**DATA FOR THE TASK**

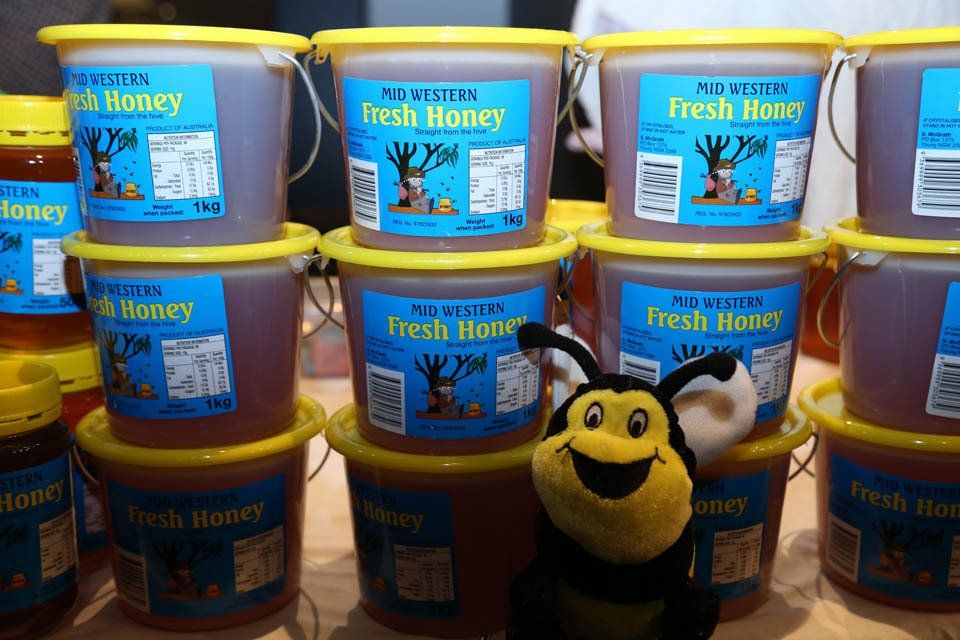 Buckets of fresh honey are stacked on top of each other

* * *

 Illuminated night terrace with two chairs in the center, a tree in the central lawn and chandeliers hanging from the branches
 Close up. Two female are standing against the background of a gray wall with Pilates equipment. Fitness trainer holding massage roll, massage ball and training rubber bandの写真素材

**ASSIGNMENT**
Return only the lines between the one holding "Illuminated night terrace" and the one holding "Close up. Two", inclusive, exactly as they appear above.

**SOLUTION TO THIS TASK**
 Illuminated night terrace with two chairs in the center, a tree in the central lawn and chandeliers hanging from the branches
 Close up. Two female are standing against the background of a gray wall with Pilates equipment. Fitness trainer holding massage roll, massage ball and training rubber bandの写真素材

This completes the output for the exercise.